• SQLkiwi (5/13/2011)


    Tom.Thomson (5/13/2011)


    (1) New Zealanders (or at least one of then) don't use the position in the clause of "only" to distinguish the three possible meanings that the combination of "only" with "may" can express in the same way the most British people do...

    I can't speak for all four million of us, but I had to choose between two interpretations:

    "Pages in extents may be assigned to only one object"

    1) "Pages in extents might (all) be assigned to a single object" (an observation)

    or...if we are used to reading technical specifications and the like, perhaps as:

    2) "You can only assign pages from an extent to the same single object" (an instruction).

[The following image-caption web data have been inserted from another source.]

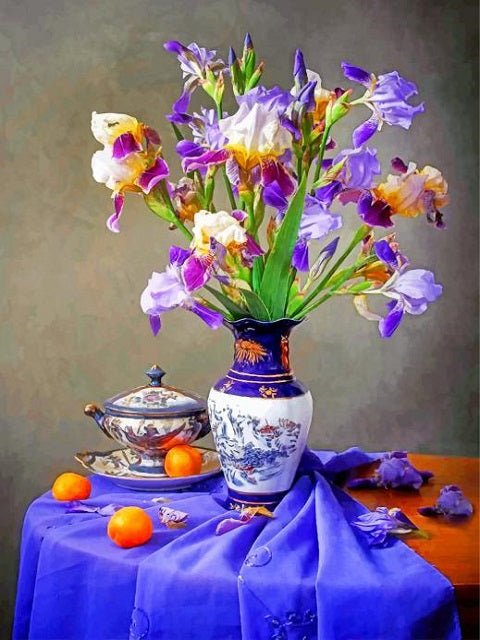 Chinese Irises - Painting by numbers shop
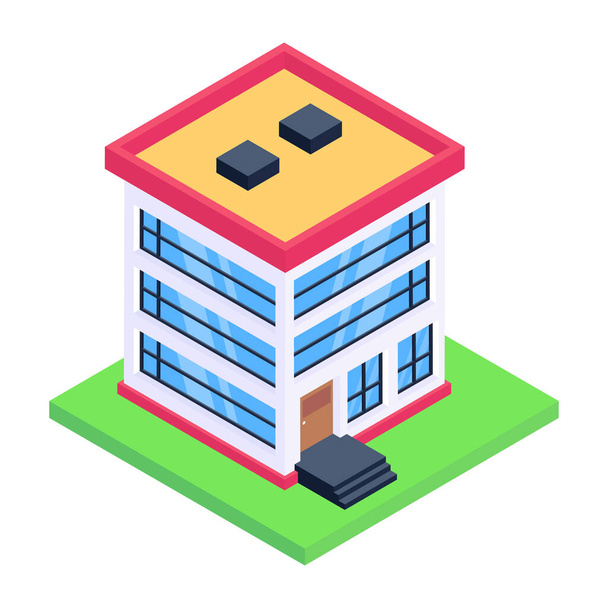 building. web icon simple illustration - Vektor, obrázek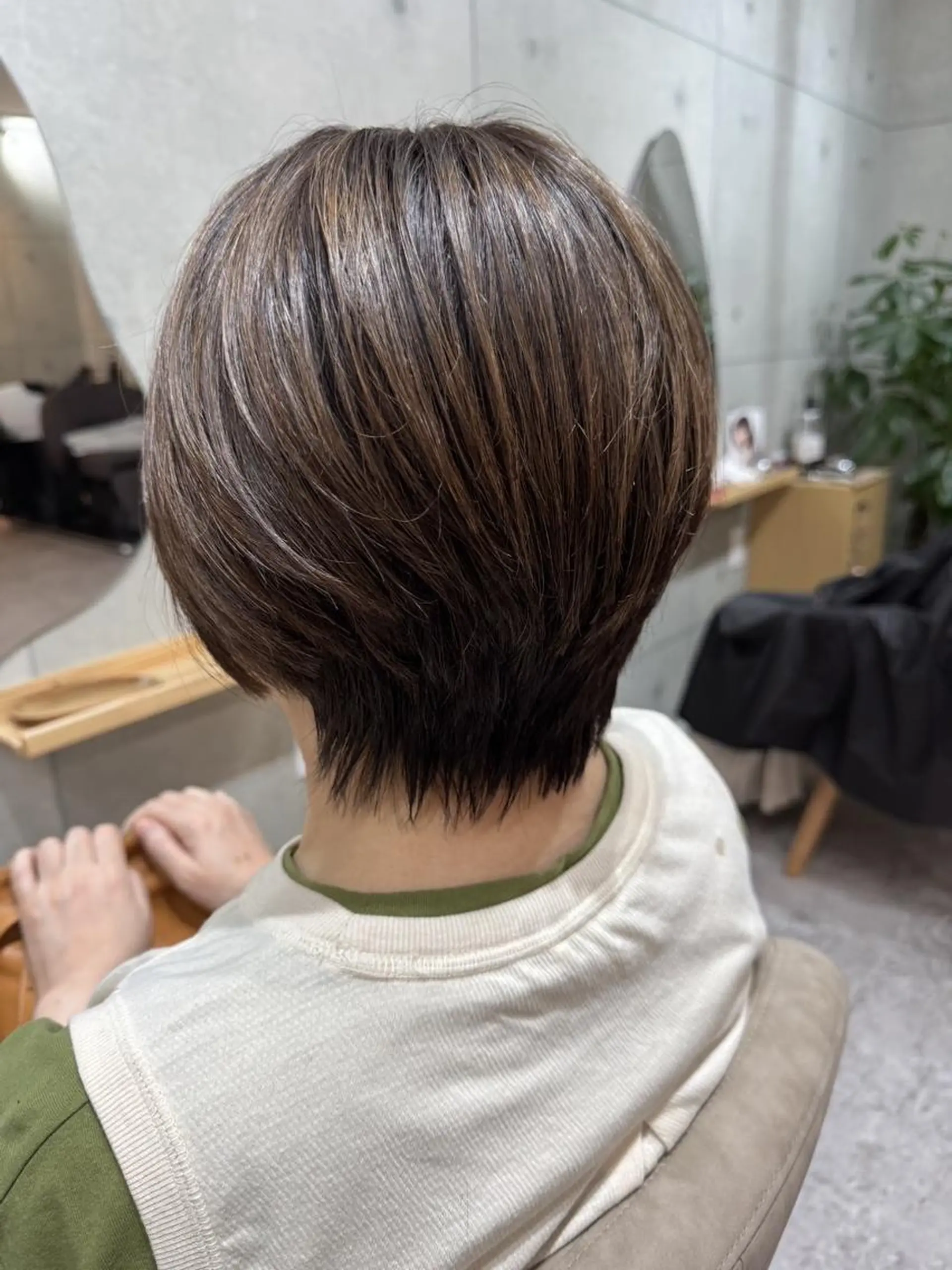 ショート ショートヘア Nani SATOMIのヘアスタイル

    Yes, I had the same two to choose between but because "only" came where it did I decided it probably didn't exclude the multiple objects case (but if only had come immediately before "to" I would have decided it was intended to exclude that case). And other positions of only (immediately before "be" or after "object" or before "pages" would indicate more or less probability that the exclusive meaning was intended or point to a third meaning which in this context makes no sense. I suspect this effect of word order is either weaker in NZ or altogether different there.

    It is very hard to write things that mean the same to everybody, and it is also a very neglected skill (and I'm not much good at it - often when I remember to try I get horribly verbose).